“When [Netflix’s data science team] started, there was one single kind of data scientist,” says Christine Doig, director of innovation for personalized experiences at Netflix. “Now the role has been integrated into the organization.” This isn’t just a Netflix thing. Across all industries, enterprises are embracing data science to craft personalized, engaging experiences, optimize pricing, and more. As they do so, they’re expanding the use of data science into product management, marketing, and other areas.
This is why the language that organizations use to decipher their data will increasingly be Python, not R. As organizations look to a more diverse group to help with data science, Python’s mass appeal makes for an easy on-ramp.
R or Python?
Historically, if you wanted to do data science, you needed to know R. As detailed on the R project’s site, “R is an integrated suite of software facilities for data manipulation, calculation, and graphical display.” It’s not really a programming language, per se, but includes one. Originally built for statistical and numerical analysis, R has remained true to those roots and remains an excellent tool, particularly for statisticians in their role as data scientists. This strength can also be a weakness, given the spread of data science well beyond the area of statistical analysis.
It’s true, as Sheetal Kalburgi, associate product manager at Anaconda, points out, that “data scientists are more technical and statistical” and often are “responsible for tasks like developing complex statistical algorithms that communicate product performance, predict outcomes, design experiments such as A/B testing, and optimize computational operations, to name a few.” But they also tend to be well versed in programming, which is where your average data scientist is much more likely to have a programming background than a hard-core statistics background.

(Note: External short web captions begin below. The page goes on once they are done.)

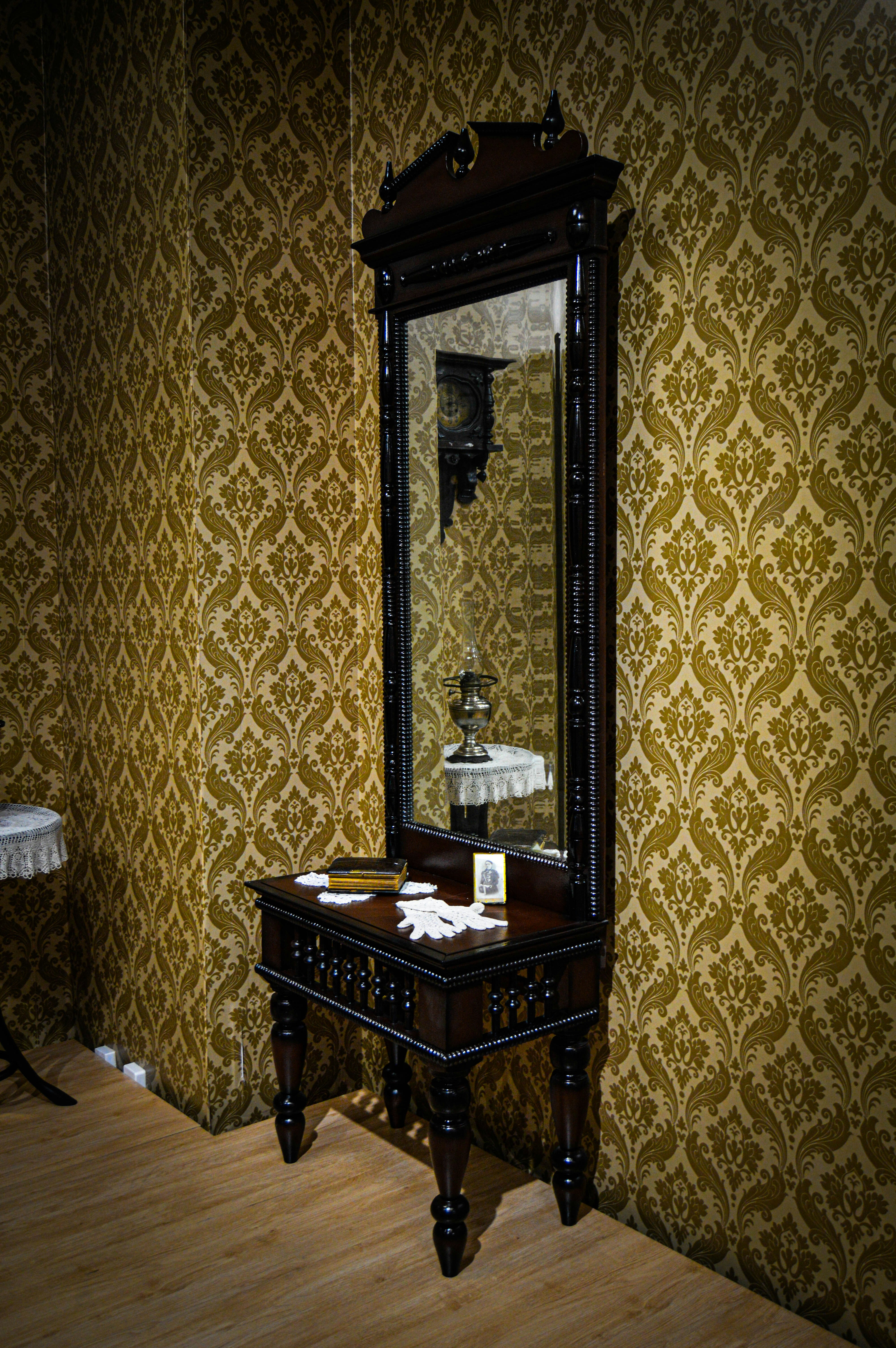 Minimalist Dressing Table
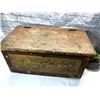 Image 5 : Primitive Original "Mustard Yellow Grain Paint"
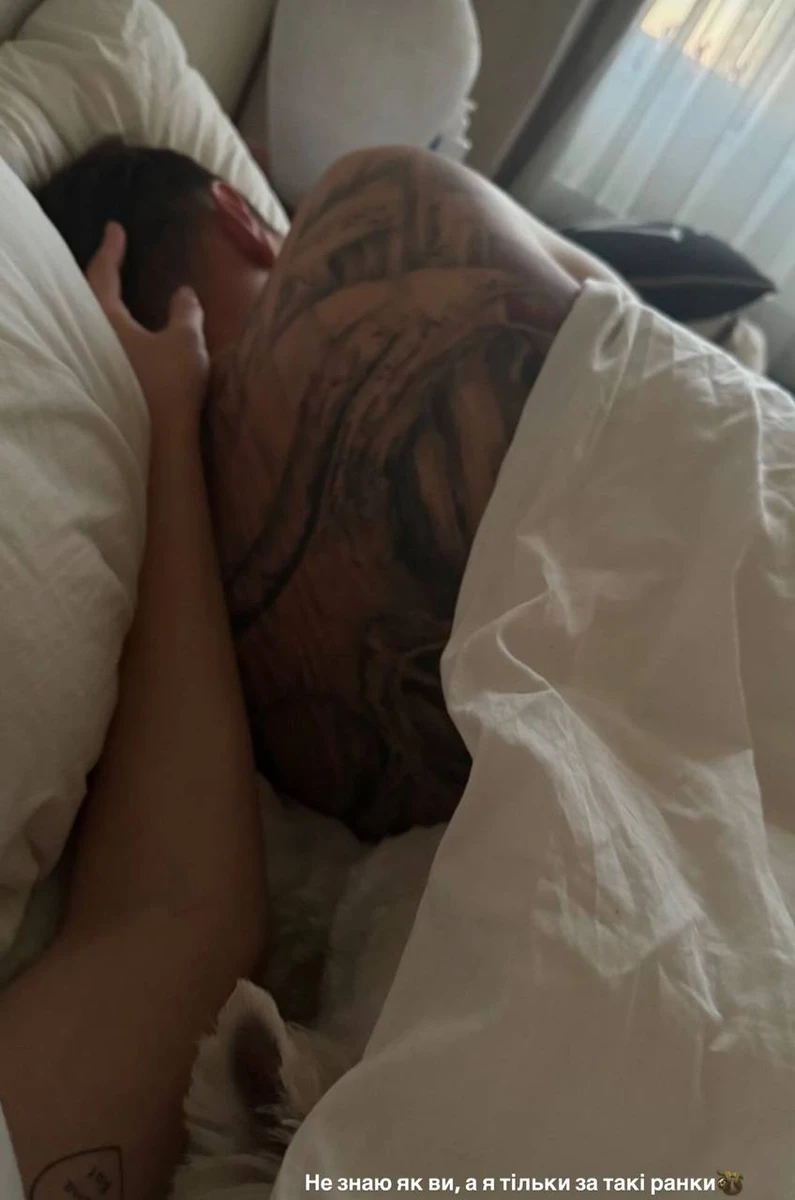 Нікітюк показала спину коханого чоловіка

Even if a company’s business problem centers on statistics, it’s still often going to be the case that Python will prove superior, if only because of familiarity. As Van Lindberg, general counsel for the Python Software Foundation told me, “Python is the second-best language for everything. R may be the best for stats, but Python is the second … and the second-best for [machine learning], web services, shell tools, and (insert use case here). If you want to do more than just stats, then Python’s breadth is an overwhelming win.”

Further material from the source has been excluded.